## WORK INSTRUCTION
Would you reproduce exactly, and only, the lines starting at the one with "一个变态的日常生活/daily life of a pervert[h漫]韩漫全集-一个变态的日常生活/daily" and ending at the last line of the data, with both included? Leave the pictures out.

## GIVEN INFORMATION
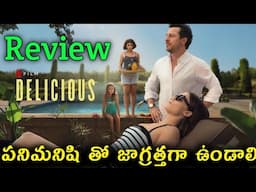 Delicious Review Telugu Trailer | Delicious Review Telugu | Delicious Trailer Telugu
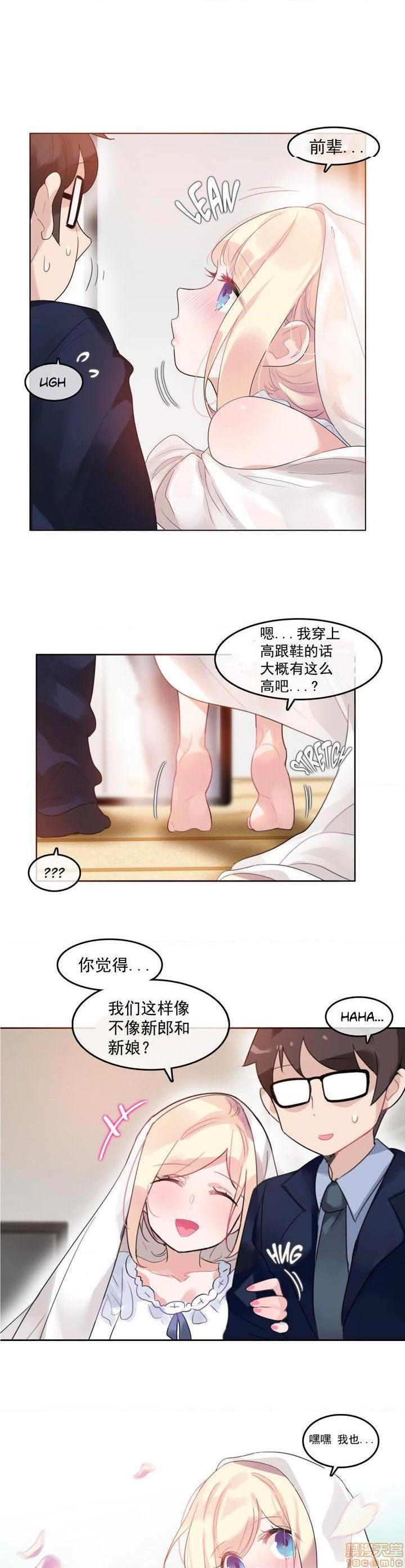 一个变态的日常生活/daily life of a pervert[h漫]韩漫全集-一个变态的日常生活/daily life of a pervert-第10話 41-45 无删减无遮挡章节图片 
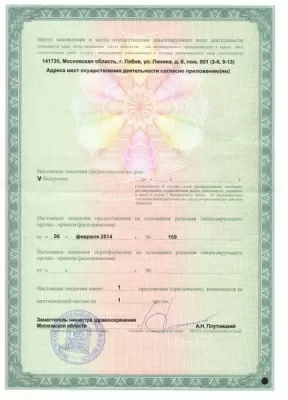 Стоматология Центр-М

## SOLUTION
 一个变态的日常生活/daily life of a pervert[h漫]韩漫全集-一个变态的日常生活/daily life of a pervert-第10話 41-45 无删减无遮挡章节图片 
 Стоматология Центр-М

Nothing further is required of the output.